VILNIUS, Lithuania, Aug. 26, 2015 /PRNewswire/ — A Rabbinic Delegation visited yesterday Vilnius and met the authorities to plea with them to cancel plans to construct a Congress Hall on Snipiskes Jewish cemetery.
The Snipiskes cemetery – interring Vilnius’ most famous Jewish leaders – was desecrated by a series of regimes, including the Nazis and Soviets. The latter built a now-abandoned Sports Palace on top of cemetery land. Desecration continued under Lithuania’s democratic government, with two apartment buildings constructed on cemetery grounds during the last decade, disturbing and shattering human remains.
Recently, the government announced plans to redevelop the abandoned Sports Palace into a Congress Hall. Leading Rabbis who maintain the Lithuanian tradition of Talmud study publicly decried the plan, protesting “any use of this sacred site other than for prayer and solemn reflection.”
The rabbinic delegation – with members from the US, Europe and Israel – met Lithuania’s First Deputy Chancellor Mr. Rimantas Vaitkus – who welcomed the group on behalf of Prime Minister Mr. Algirdas Butkevičius while he was abroad – and the Mayor of Vilnius, Mr. Remigijus Šimašius, to personally express the international Jewish Community’s opposition to the plan.

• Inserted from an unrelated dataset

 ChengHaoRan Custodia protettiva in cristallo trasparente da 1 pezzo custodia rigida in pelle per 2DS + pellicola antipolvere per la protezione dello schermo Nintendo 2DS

The group included leaders of the most famous Jewish institutions carrying on the glorious Lithuanian-Jewish tradition, such as Rabbi Malkiel Kotler, dean of Beth Medrash Govoha, a 6,500 student Yeshiva in Lakewood, NJ, and Rabbi Osher Kalmanowitz, dean of the Mir Yeshiva in Brooklyn. They were joined by the veteran European Rabbi and Halachic author Rabbi Avraham Yaffe Schlesinger, Chief Rabbi of the Orthodox Jewish community Machsike Hadass in Geneva; Rabbi David Niederman, representing the CRC of the USA and Canada, an umbrella group of hundreds of Jewish congregations with a membership of over 100,000; Dr. David Michael Schaps, of the Conference of Academicians for the Preservation of Jewish Cemeteries; and Rabbi Chizki Kalmanowitz, expert of Asra Kadisha.
“We had a thorough discussion with the Deputy Chancellor and Mayor and other officials, and we appreciate the time they gave to hear the outcry from the rabbinical leaders and worldwide Jewry, and their promise to review our request and respond to us. We were encouraged to hear that the plans aren’t final yet. We hope and pray that our plea to fully preserve the cemetery and cancel the current plans will be granted,” said Rabbi Niederman.